Some of the most valuable feedback we got while crafting this film was from our editor, Emily Paine. She encouraged us to trust our material and not try to make anything fancy, fabricated, or to insert any “big drama” that did not otherwise naturally emerge. So the story survives and thrives on its own organic elements and characters. We also didn’t want the film to be dogmatic or preachy. We wanted viewers to feel safe with the characters and the situations we presented, and to have the space to approach the material from their own persepctives, without being told what to think.
At the beginning we wanted to make a movie about everyone we had filmed during the three months and 140 hours of tape we shot in Mali, because each character was so fascinating and vibrant – we could have made a different and exciting movie about any one of them, from the sole female schoolteacher Olga Sidibe in Banko village to Dr. Richard Komp, the mad scientist who acts as Daniel’s mentor. After months of editing though, it became clear that Daniel Dembélé – passionate, complex, and commanding onscreen – was to be the main focus, and that his story could best encompass the issues we wanted to delve into in the film.
Founding a small business is something that is deeply embedded in American and European culture, a topic to which many can relate. But most have never seen this universal kind of effort take place in Africa, traditionally marked out by the media as the land of the starving, the war ravaged and the hopeless. In our portrayal of Daniel, who undertakes a familiar effort in an unfamiliar environment, we attempt to open the door to what is possible in Africa, and update Western cultural awareness with a profound dose of optimism. For us, Daniel’s work shatters notions of the need for African dependence on outside aid and embraces the view that ultimately it is Africans who will develop Africa in their own way.
Now more than ever before, people around the world have come to see green-collar jobs as an absolute necessity for survival in our rapidly changing economies and environments. Daniel’s daring, charisma and intelligence remind us of the sort of leadership required around the globe that will encourage this level of transformative change. It was important to us for the film to showcase him as an African leader, not only of his country, but as a global trendsetter. So not only do viewers come away with a greater understanding of the kind of development that makes the most sense for Africa, but a sense of profound inspiration that they can take what they’ve seen and apply it just as easily to their own communities.
Visual contrasts, like a bright blue shiny modern solar panel resting on the ground of a pale brown dusty village, confront a viewer’s preconceptions about solar energy and about Africa.
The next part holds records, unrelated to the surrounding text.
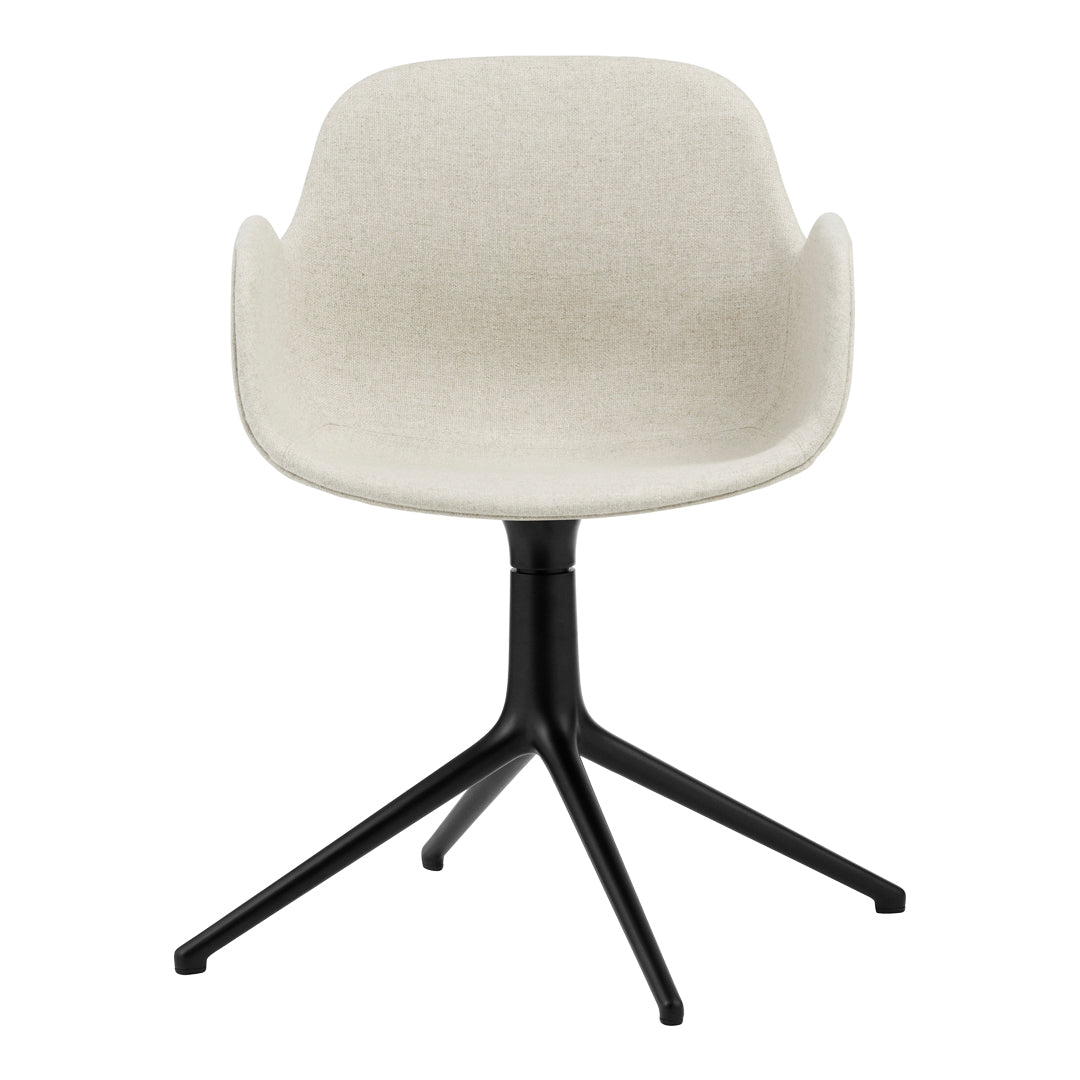 Light beige upholstered chair with a sleek black metal base. Modern design featuring smooth, minimalist curves.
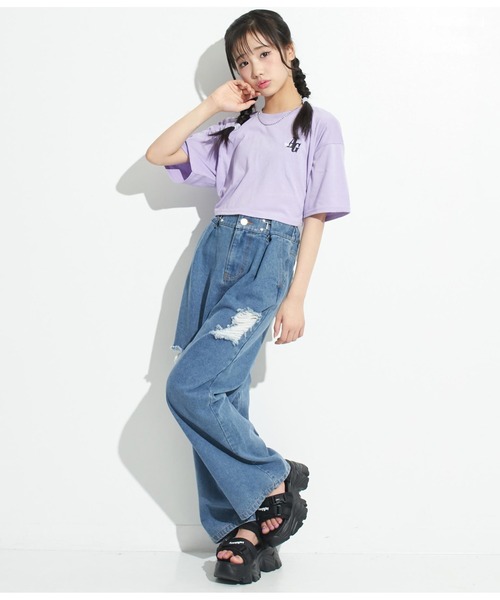 ANAP GｉRL（アナップガール）の「ウエストホックワイドパンツ（その他パンツ・キッズ・グリーン/ライトブルー/ピンク/ブルー/ブラック・M/S/XS）」の12枚目の写真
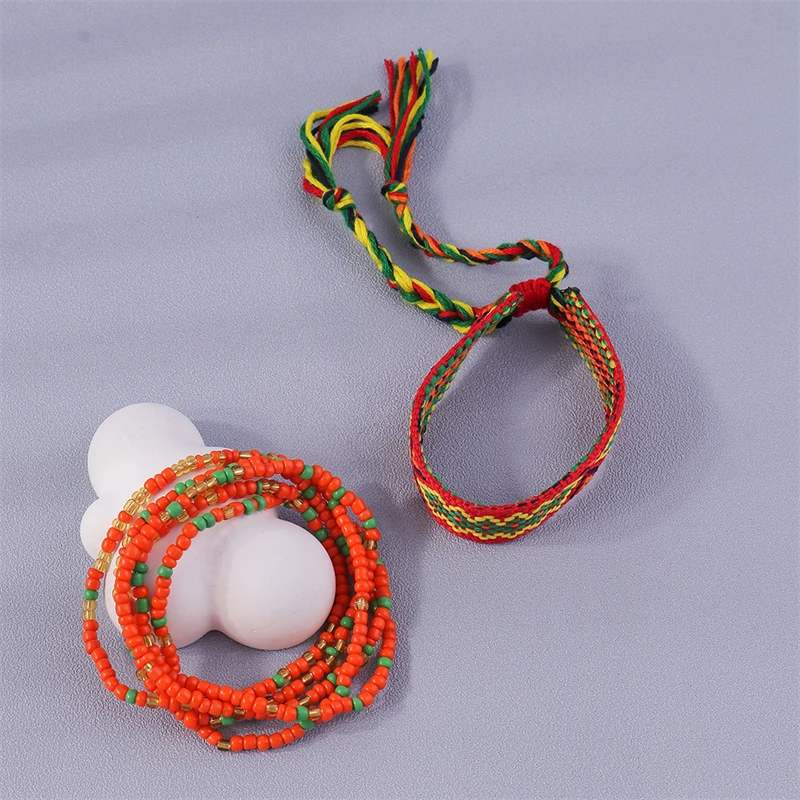 Mode handgemachte Perlen Fußkettchen Stickerei geflochtene Fußkettchen Armbänder am Bein für Frauen Mädchen Sommer Strand Urlaub Schmuck Geschenke – Detail 4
Scenes shot in natural sunlight and total darkness work strategically to place the viewer in the characters’ shoes. The original score combines emotional orchestral sounds with modern R&B swagger and traditional Malian folk music to sonically reinforce the idea that something utterly new and original is taking place. Handheld camerawork emphasizes Daniel’s infectious energy and constant movement forward, while serene shots of rural Mali’s slow, small-town pace contrast with Daniel’s kineticism and the urban chaos of the capital, and punctuate the cultural divide between them. Throughout the film, expert interviews and voiceover narration are omitted in favor of giving space to both Daniel and the people of Banko to tell their own story, in their own words.
BURNING IN THE SUN is often labeled as a film that is ‘African’ or ‘Environmental’, but our goal in telling this particular story is to disegregate these two topics, and to encourage niche audiences to join together in dialogue, and start a new discussion on the world stage. Strikingly beautiful, surprisingly emotional, and a revolution of ideas, the film provides a newschool portrait of a Green Africa capable of inspiring worldwide emulation.